EXERCISE DIRECTIONS: Retype the listing below exactly, pictures removed.

GIVEN INFORMATION:
◆ ◆ ◆

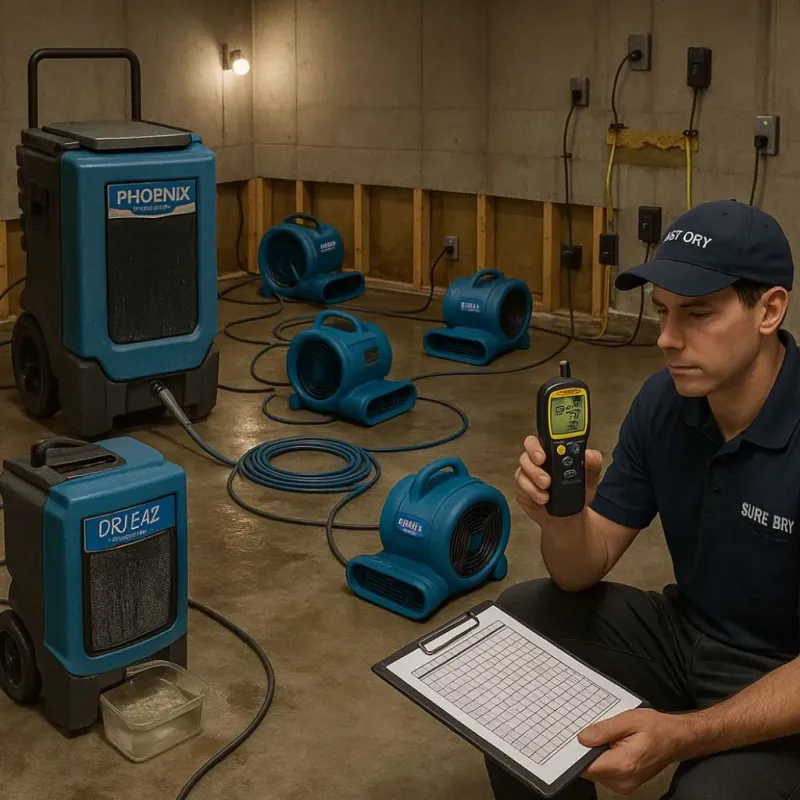 Structural Drying and Dehumidification process in Lugoff, SC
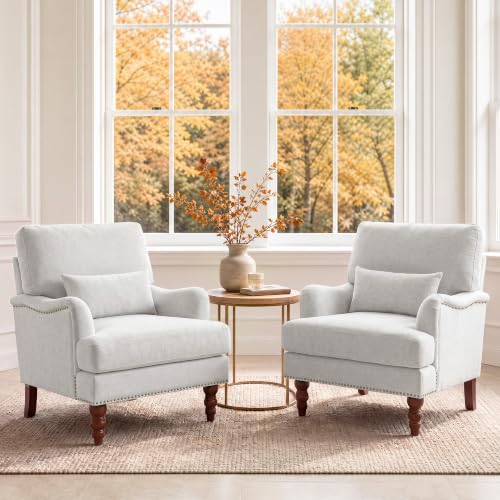Mid-Century Modern Accent Chair with Lumbar Pillow, Ash Grey, 2 Pack | Upholstered Chenille Armchair, Solid Wood Frame & Legs, Comfy Reading Lounge Sofa for Living Room Bedroom, & Small Spaces - color: Chenille Ash Grey, size: 2 Seat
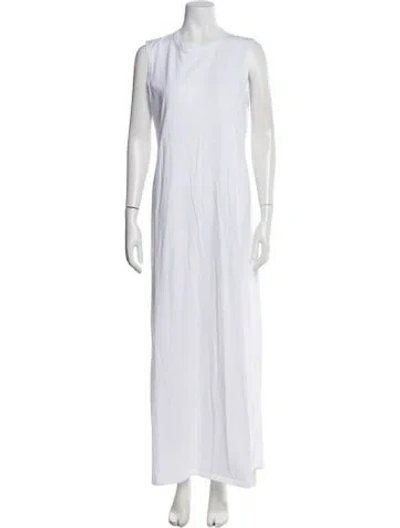 Pre-owned Leset Crew Neck Long Dress In White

◆ ◆ ◆

ANSWER BOX:
 Structural Drying and Dehumidification process in Lugoff, SC
Mid-Century Modern Accent Chair with Lumbar Pillow, Ash Grey, 2 Pack | Upholstered Chenille Armchair, Solid Wood Frame & Legs, Comfy Reading Lounge Sofa for Living Room Bedroom, & Small Spaces - color: Chenille Ash Grey, size: 2 Seat
 Pre-owned Leset Crew Neck Long Dress In White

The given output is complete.